Thanks Vinay. Ofcourse you can.
Thankyou so much for your response but using this article we are not able to setup cluster on centos 7 becuase of package difference and there is lots of different in configuration as well.
Vinay, Your question has been raised by another user in Part two. RHEL/CentOS 7 have deprecated the packages I’ve mentioned in the article. But that doesn’t mean you cannot do this in RHEL or CentOS 7.You can use corosync, pacemaker and pcs instead.
Thank you so much, this post gave me a better knowledge about clustering than thousands writing out there. However, I still wondering what fence options you can use to create a fence device if you used real machines for your setup?
And, what is the point of method in fencing? Can you please put more explanation or references resource that I can work to understand them?
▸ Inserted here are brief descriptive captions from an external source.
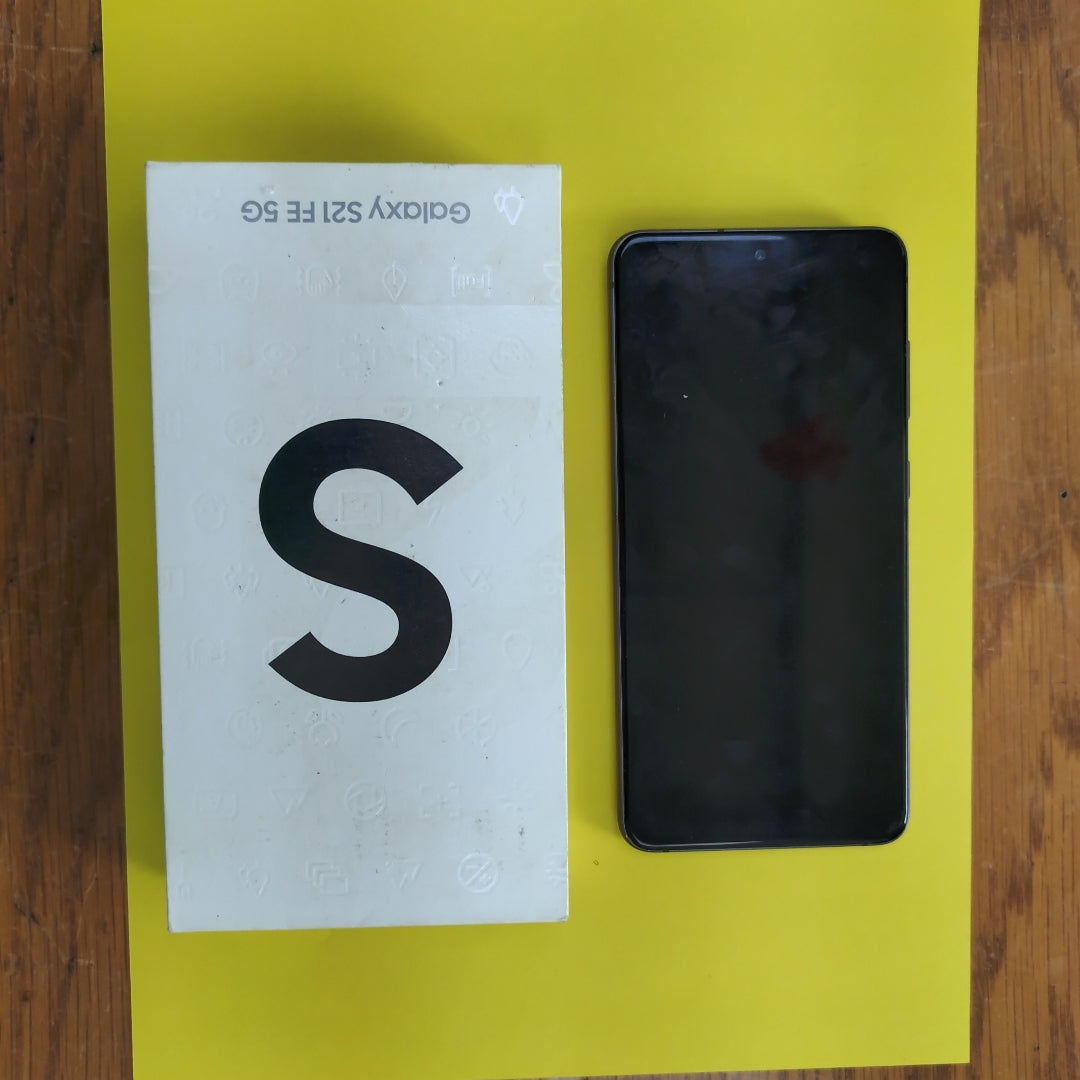 CELULAR SAMSUNG GALAXY S21 FE 5G SM-G990E 128 GB 6 GB RAM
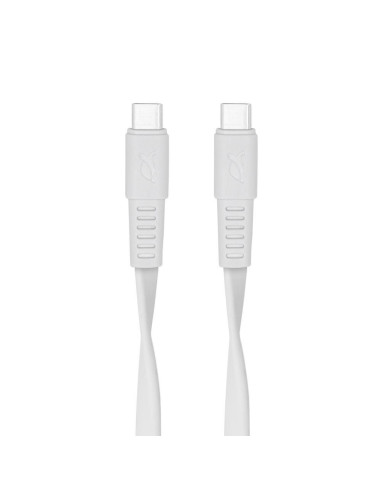 CABLE USB-C TO USB-C 1.2M/WHITE PS6005 WT12 RIVACASE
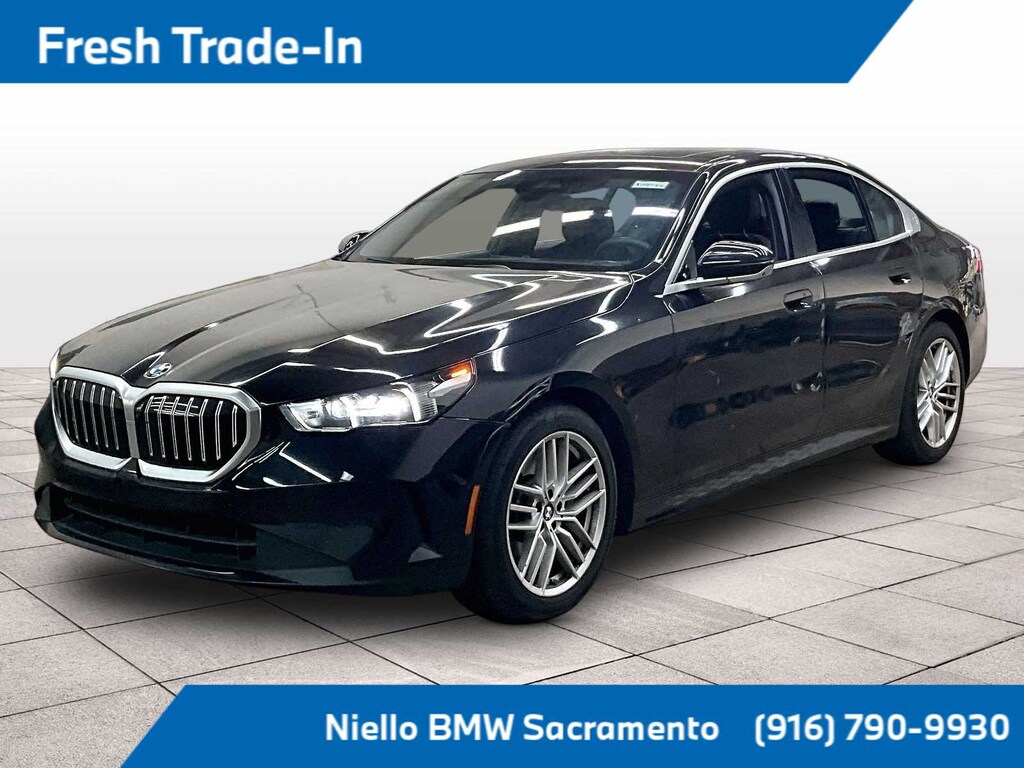 Used 2024 BMW 530i xDrive 530i xDrive Sedan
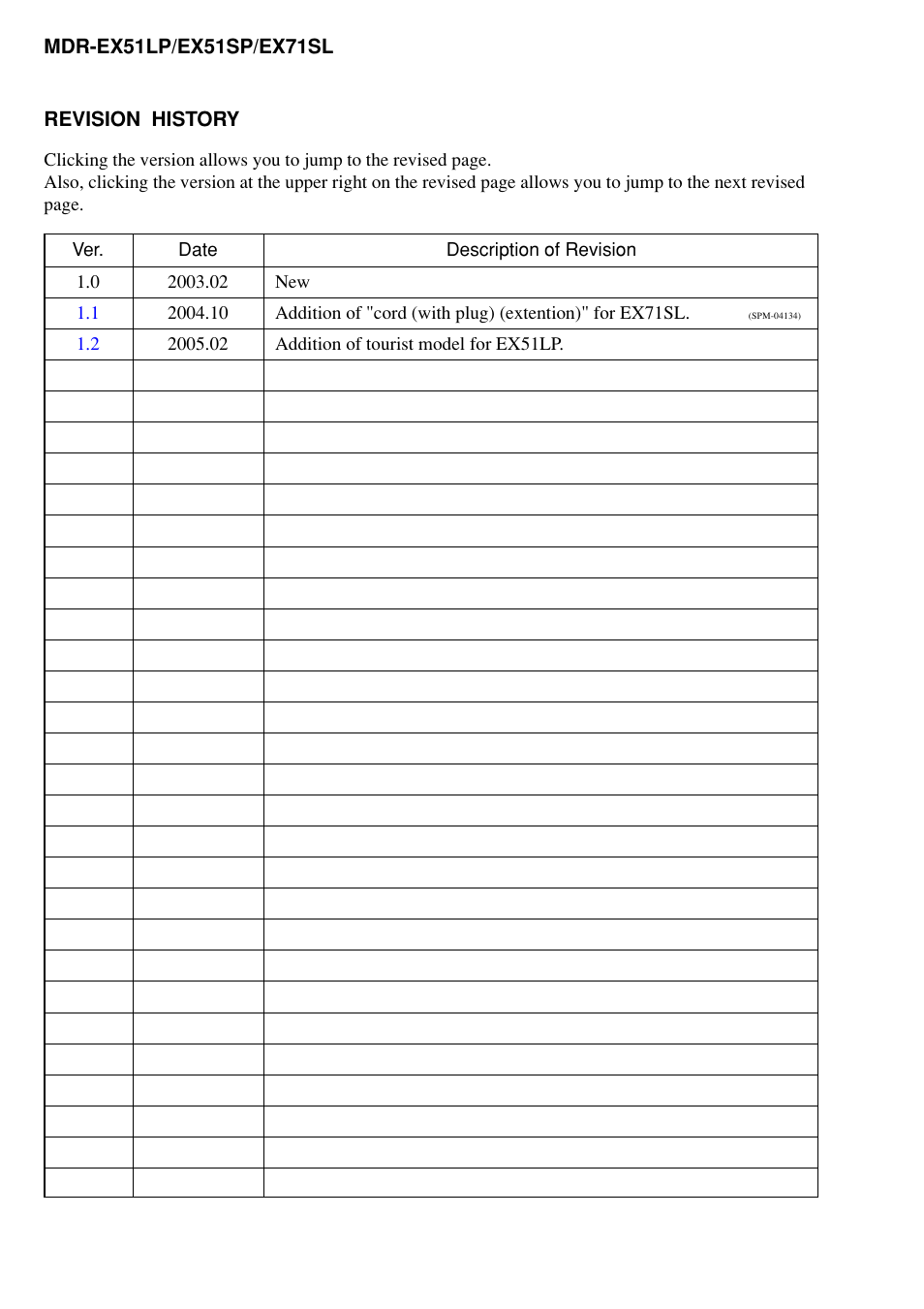 Sony MDR-EX71SL User Manual | Page 2 / 2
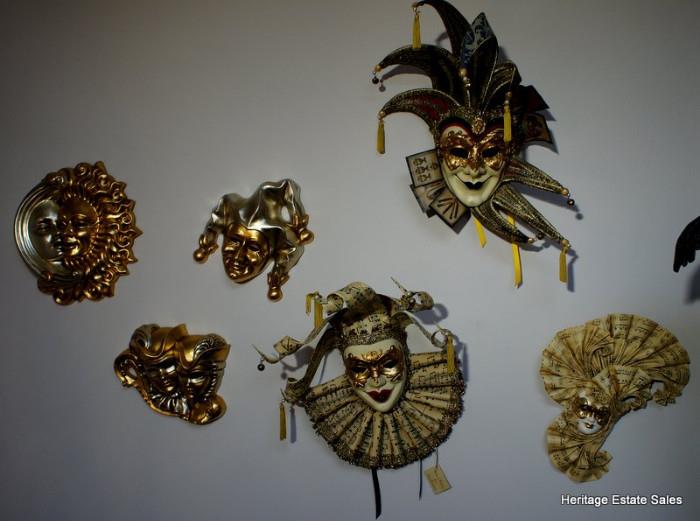 Italian Masquerade Masks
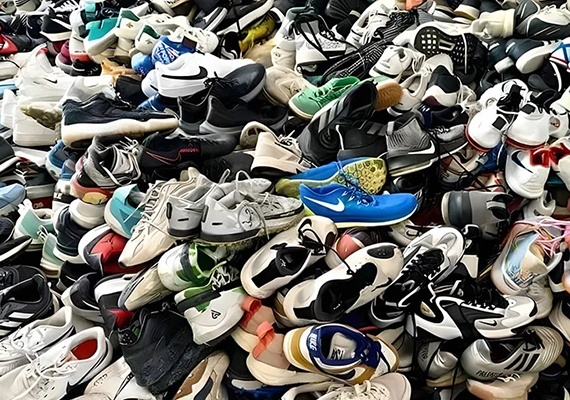 Used shoes bulk supplier for Thailand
Again, thank you so much for your work.
Hi Trung,
Thanx for nice comments. I don’t really understand what you have meant by “real machines”. If I’m correct you’re referring to physical machines other than VMs. If so, it doesn’t really matter it being a VM or a physical machine to set these configurations up. You can use the command “ccs -h –lsfenceopts” to view the fencing options you can use.
You can refer RedHat site for more details on Fencing
https://access.redhat.com/documentation/en-US/Red_Hat_Enterprise_Linux/5/html/Cluster_Suite_Overview/s2-fencing-overview-CSO.html
Hi Thilina,
Fist of all, thanyou very much for this article…it so much helpfull.
i can´t find the Part4 and…can you post the lisnk pls.
Best regards.
PS, sorry for my english.
No worries Ariel. Here it is.
https://www.tecmint.com/sync-cluster-configuration-and-verify-failover-setup-in-nodes/
when the continuation?
Hi Aza,
It’s already there.
https://www.tecmint.com/sync-cluster-configuration-and-verify-failover-setup-in-nodes/
Hi Thilina,
Thanks for providing this valuable document. awaiting for your next post.
Hi Arjun,
You’re welcome. Will let you know when the last part is out.
Hi Arjun,
Part 04 is now available
Hi TecMint,
The concept of clustering had always baffled me. However, this tutorial has cleared up all my doubts.
Thank you for sharing this.
Hi Raj,
You’re mostly welcome.
Hi Mr.Uvindasiri
Thank you very much for your sharing,
I am waiting for your last post for this serie.
I hope you will post it soon.
Thank you again
Good job !
Hi Nguyen,
Part 04 will be posted very soon. Sorry for the delayed posting of the last part. Anyways, thank you for your interest :)
Hi Nguyen,
Part 04 is available now
Thank you so much for all the parts ( Linux clustering with two nodes).I like the way it was explained very systematic step by step. waiting for its last part and final part with resource such as webserver,NFS etc.
Hi Ashish,
Thank you very much. Last part will be posted soon.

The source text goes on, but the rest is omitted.